This post is part of a regular series of interviews with people across Asia-Pacific who use the Internet to create, connect and grow. This week Mr. Kinoshita, the CEO of Tsujikura, from Japan shared his four customer-centric business principles.
1. Think deeply about what your customers need
Tsujikura of Kyoto was around well before the Internet was dreamed of, let alone the radio or television. A manufacturer of traditional Japanese lanterns and umbrellas established in 1690, Tsujikura takes pride in maintaining the tradition and culture passed down during its more-than-300-year history. Tsujikura might be steeped in Japanese history, but after many overseas tourists visited the store in Kyoto, Mr. Kinoshita, the CEO, said that he "felt that the business had a duty to deliver a small piece of Japanese culture to those who could not visit the store in person." To answer this need, Tsujikura launched its website in 2012.

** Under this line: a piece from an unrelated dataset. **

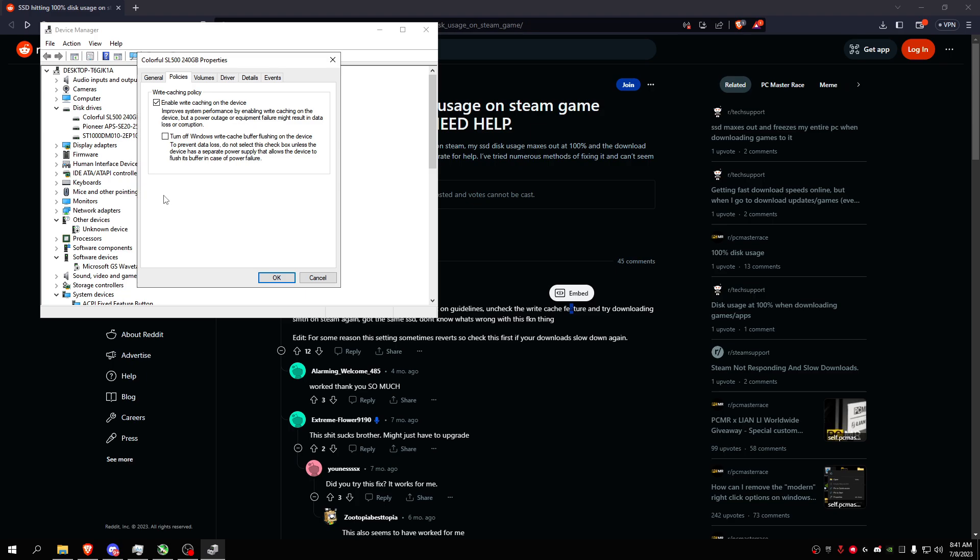I really had this issue of 100% disk performance for like half a year plus, and this guy just fixed it in like 10 seconds. So I guess it would be useful for you guys.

2. Only promote to customers who are interested
After the site launched, Tsujikura started using Internet ads to promote the site. This was a big step for the company that had had never used newspaper or magazine adverts in the past, but Mr. Kinoshita explained his philosophy, "Internet ads allow for the kind of freedom of expression that I strongly believe in. Search ads can provide genuine information to those who are interested." Once Tsujikura started using online ads, international sales saw a three-fold increase in 2014 and page views doubled. Since 2012, the company's combined national and international sales have grown by 160%.
3. Follow the customer, wherever they may lead you
Initially, Tsujikura concentrated its ads in the US, but after receiving orders from Spain and France, the company implemented ads in the two countries. In addition, following transactions with hotels based in Singapore and Maldives, it also continues showing ads in those two countries.
4. Listen to customer demands, but maintain your standards
In many countries, Tsujikura's umbrellas are used to make places look nice more than to keep off the rain, and some of them are also turned into lighting fixtures. Mr. Kinoshita is happy to meet the needs of his customers, but will not compromise on the centuries-long traditions of craftsmanship, "Because Tsujikura has a long history as an umbrella manufacturer," Mr. Kinoshita explained, "we are happy to adapt the existing product to the new world of today, while maintaining our long-established traditions — without introducing any radical changes to the way they are made."
What's next for this traditional company? Mr. Kinoshita shared that in October 2014 40% of users accessed the site from mobile devices, so their next step is to follow them onto mobile with a new mobile-friendly website.